Rome wasn't built in a day, nor did it fall overnight. It takes decades, much longer than the eight years Obama will be in office, to dismantle an empire.

That's what makes the Rome-America comparison so humorous: it's an argument based on flawed causation. Rome fell. They have welfare. We have welfare. Therefore, we're all going to fall too! Quick, let's deny those in need because some people decided to milk the system!

For the sake of rhetoric, I will try to refute the Roman Empire-America comparison with one term: Globalization.

I can't understand why Americans still fear globalization, as it's been a fundamental driver of our society since the Cold War. While the Romans were very well traveled traders, they pale in comparison to the level of globalization we experience today. States are no longer secluded (unless we decide we want them secluded), nor can they afford to be. Our economies, our cultures are all linked. When economies fail, we all feel it. We share music, movies, books and more with one another. It creates a web of, for the most part, mutually beneficial agreements that make the nations of the world collectively stronger.

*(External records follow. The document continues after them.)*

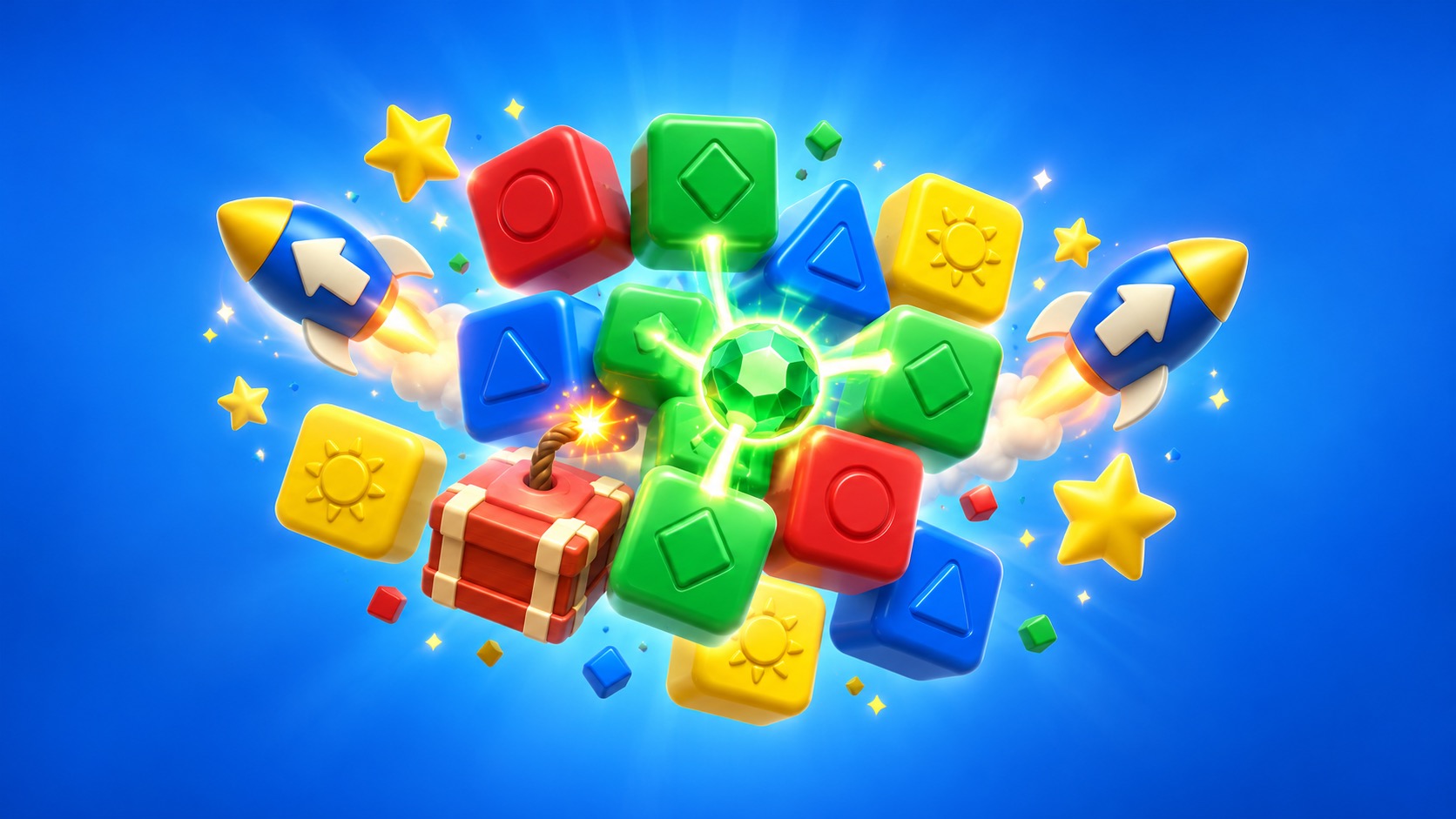 Glossy colorful blocks, outward-firing rockets, TNT and a Color Spark connecting green blocks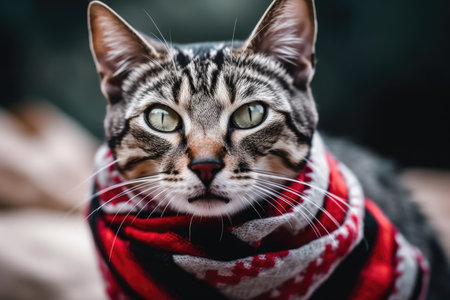 Thai cat portrait with striped scarfの素材
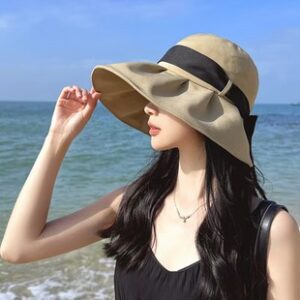 渔夫帽子女2025新款大帽檐防紫外线遮阳防晒帽出游海边透气太阳帽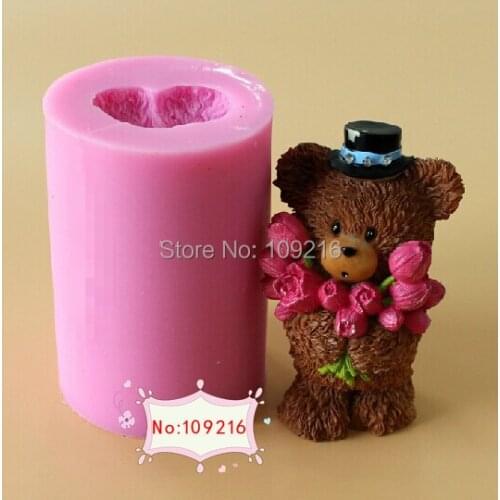 Wholesale!!!1pcs 7*10CM 3D Little Bear Roses Bouquet (LZ0135) Silicone Handmade Candle Mold Crafts DIY Mold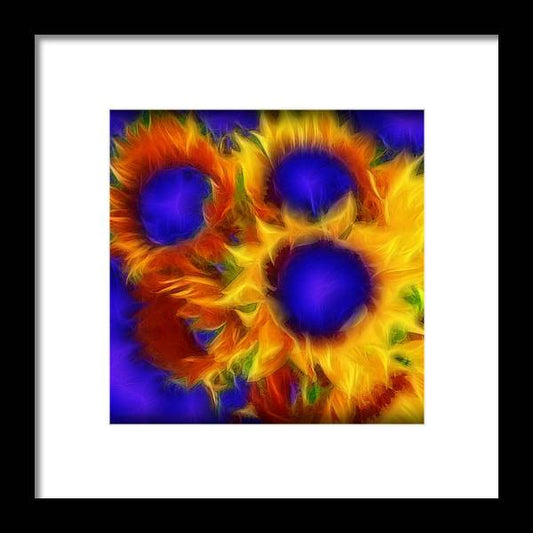 Neon Sunflowers - Framed Print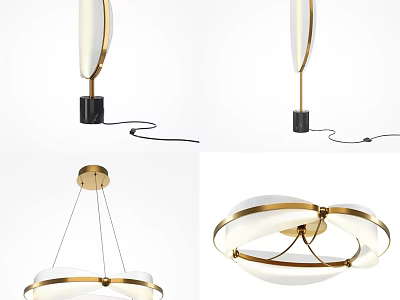 Sleek Modern Lighting Combinations With Gold Accents White Shades Floor Lamp And Ceiling Pendant 3d model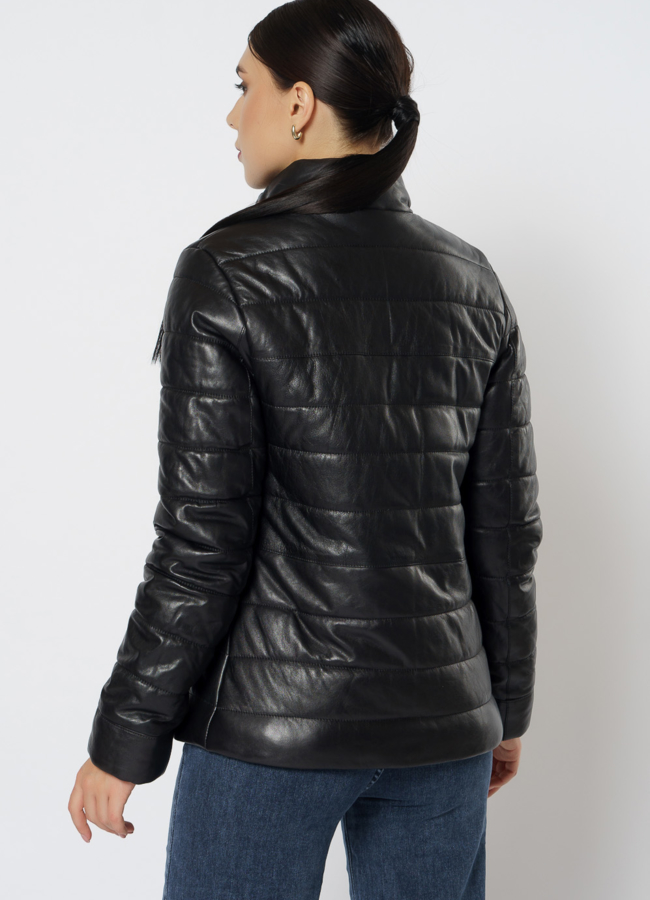 Утепленная кожаная куртка модель № 21605 в кредит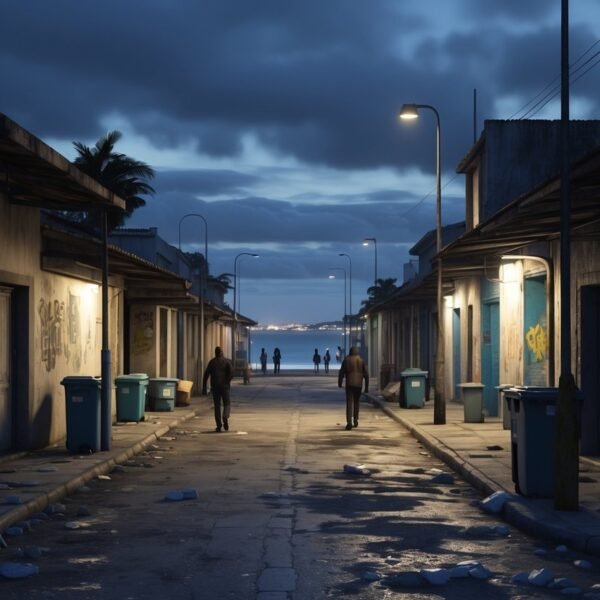 Cena noturna de um bairro perigoso em Cabo Frio com ruas estreitas, prédios desgastados, pouca iluminação e poucas pessoas andando com cuidado.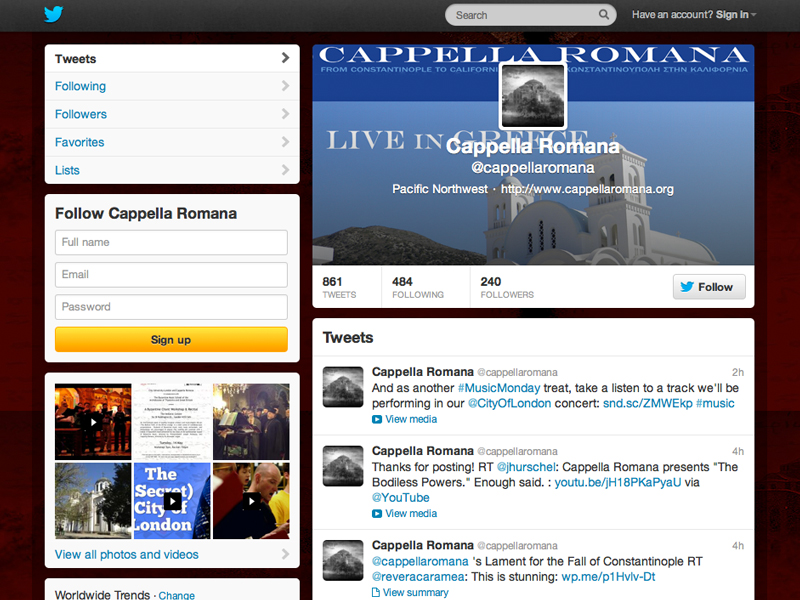 Cappella Romana Twitter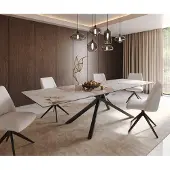 DELIFE Eetkamertafel Edge 300x100 keramiek Minas Melange wit-beige kruisframe rechthoek zwart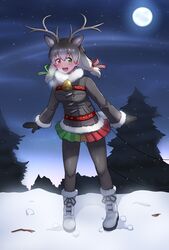  :d absurdres animal_ears antlers bell black_pantyhose blush boots breath coat commentary deer_ears extra_ears female full_body full_moon fur-trimmed_sleeves fur_collar fur_trim green_eyes grey_hair hair_ribbon heterochromia highres horns kemono_friends lavie_(bansheestrikes) long_hair looking_at_viewer mittens moon multicolored_clothes multicolored_skirt night open_mouth outdoors pantyhose red_eyes reindeer_(kemono_friends) reindeer_antlers ribbon skirt smile snow solo tree winter_clothes winter_coat 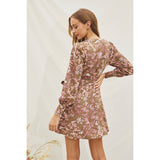 Floral Mini Wrap Dress: TAUPE/MAUVE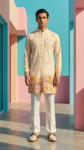 Shubhaarambh Men's Elegant Cream Kurta – Perfect for Weddings and Festive Wear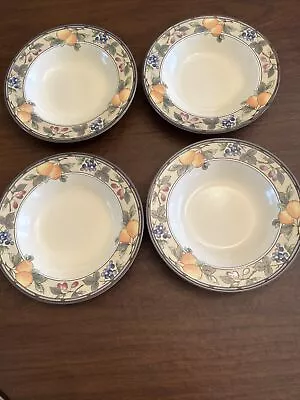 Mikasa Intaglio Garden Harvest Set Of 4 Rimmed Soup/Pasta Bowls 9 1/4  Beautiful • $15.95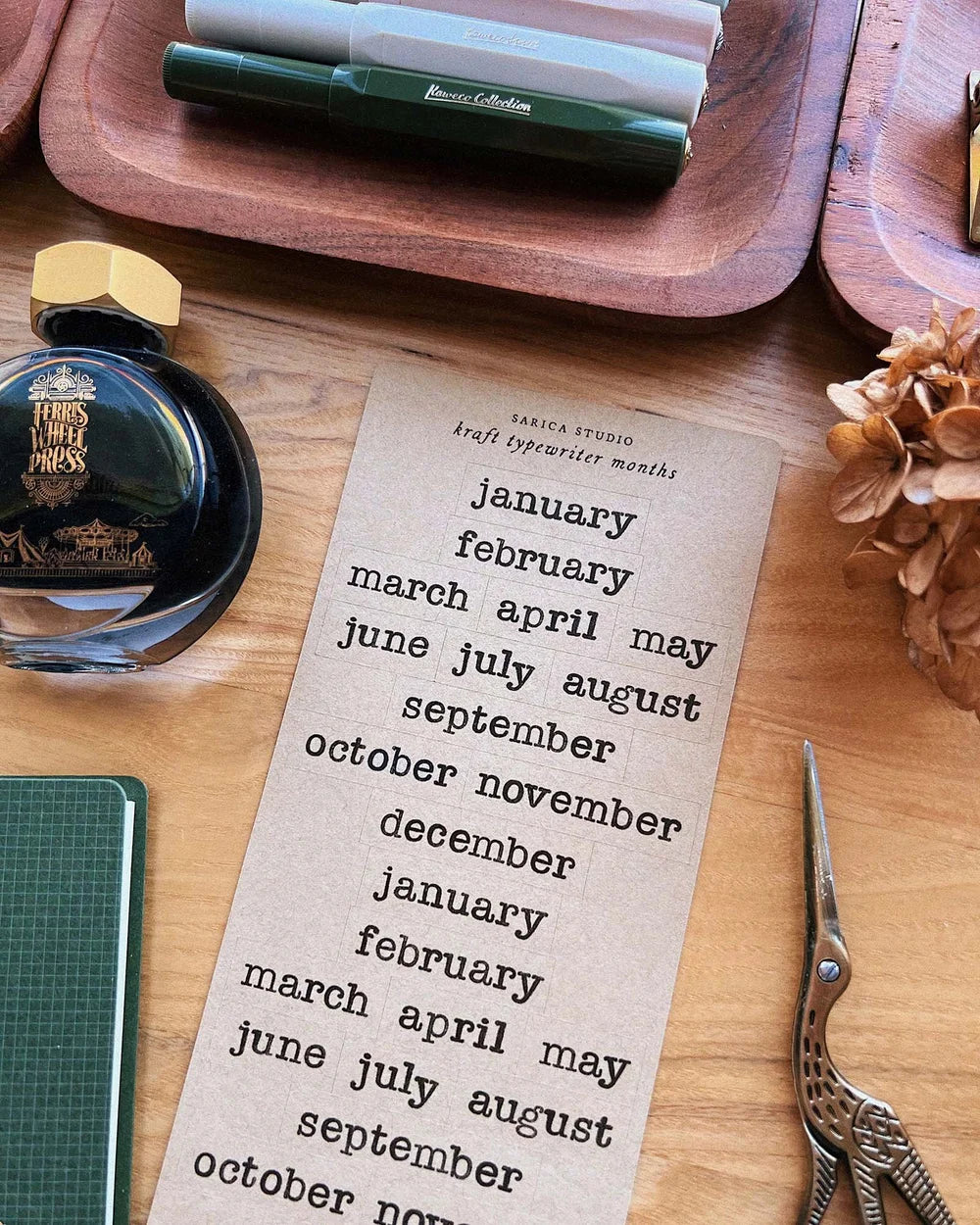 Sarica Studio Kraft Typewriter Month Stickers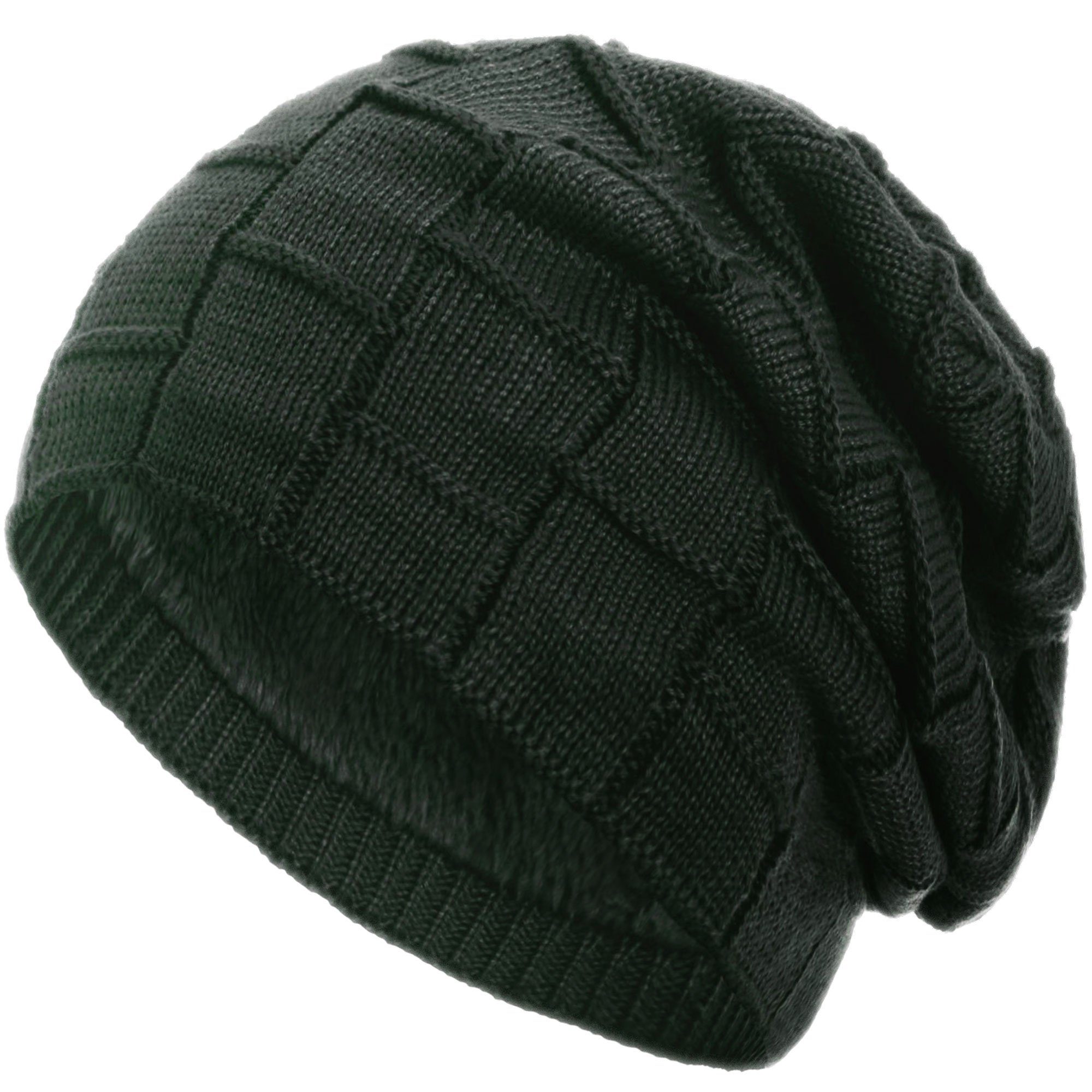 compagno Strickmütze (1-St) Warm gefüttert Beanie Wintermütze Flechtmuster uni oder meliert Mütze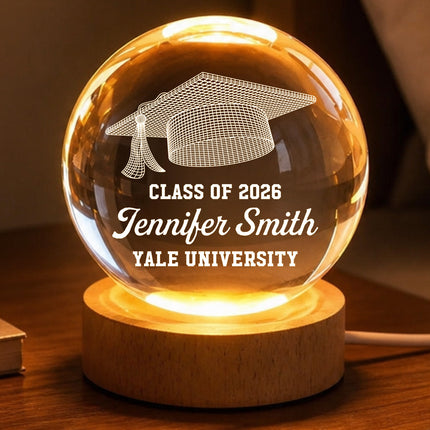 Class of Graduation Senior Cap Illusion - Personalized Crystal Ball LED Night Light -  Gift For Daughter, Son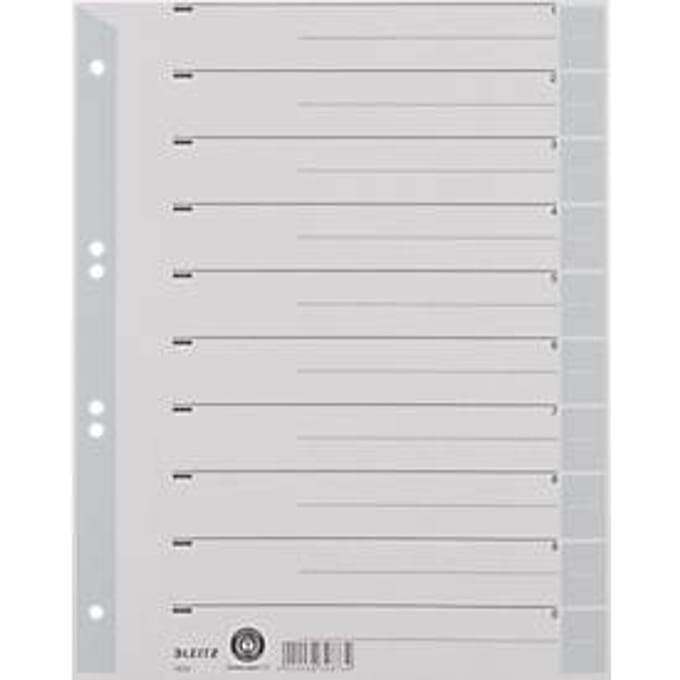 LEITZ® scheidingsbladen A4 1652, gebruik naar eigen inzicht, 100 stuks, grijs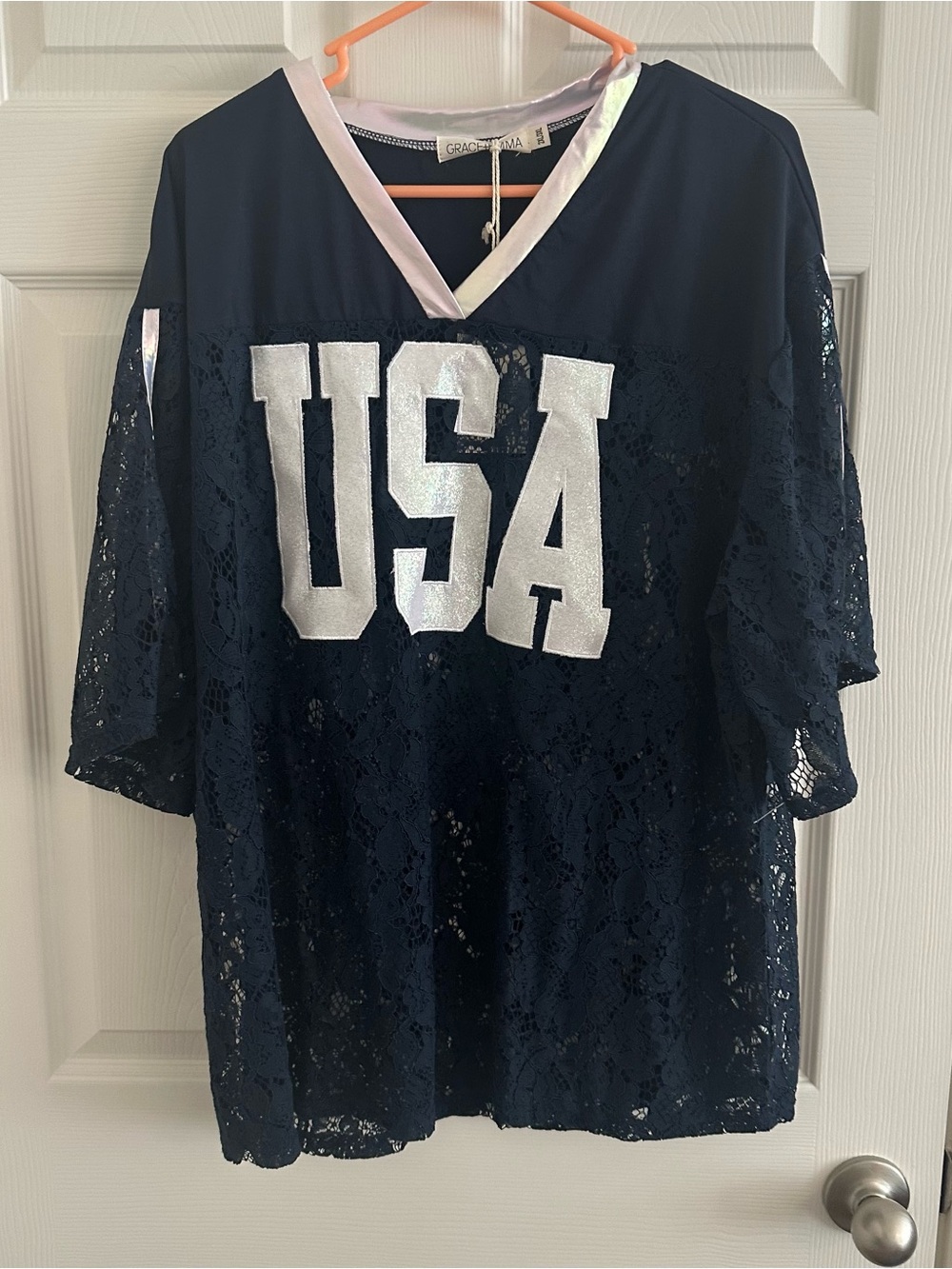 NWT Grace + Emma Navy Blue Lace USA Football Jersey Top Size 2XL/3XL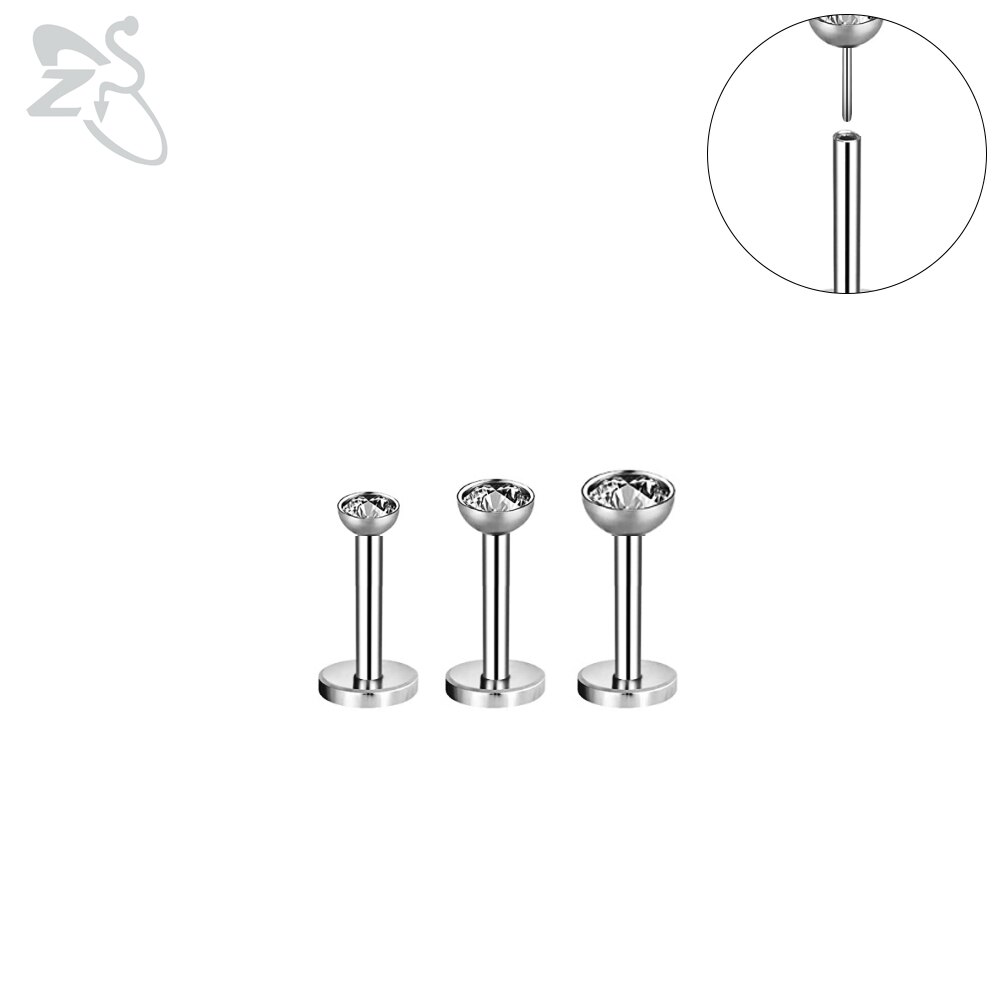 Zs 3 Stks/partij Cz Crystal Lip Piercing Set 6/8/10/12Mm Rvs Monroe Labret ringen Oor Tragus Helix Piercings Sieraden 16G: 12-6mm Silver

Rome never had that, and that's why it was allowed to burn.

We could plunge into chaos if everything failed at once, or if another world war broke out, or if an asteroid came hurtling towards Earth and Bruce Willis was too busy making another "Die Hard" to save us all. That's always on the table. Plus, Ted Cruz now heads the committee that funds NASA. He'd probably deny that an asteroid was coming and pull their funding...

But welfare? Immigration, when we as a nation started as immigrants? Keystone Pipeline? The destruction of Israel? Obamacare and the 160,000 Arizonians that now have health care? Those are outliers. They don't topple nations, especially when the nations of the world are so intrinsically linked.

So let Obama play his golf. He's going to need the break before tackling a Congress eager to dismantle everything he's passed since 2008. He's not an emperor or a czar. We may not be a democracy, but we sure as heck aren't an autocracy.

If we see the fall of the United States anytime in my lifetime, it won't be because we followed in the steps of Rome.

Our incarcerated citizen population (2.4 million and growing, half of whom committed victimless crimes and will never get decent jobs again), disappearing middle class, or money in politics might play a role.

Americans trumpet change over the fall of the republic, though. We love a good revolution, and columnists seem to think that proclaiming doom and gloom will somehow promote that change.

Take a deep breath, America. The world has come a long way since the days of Caesar. We've got this.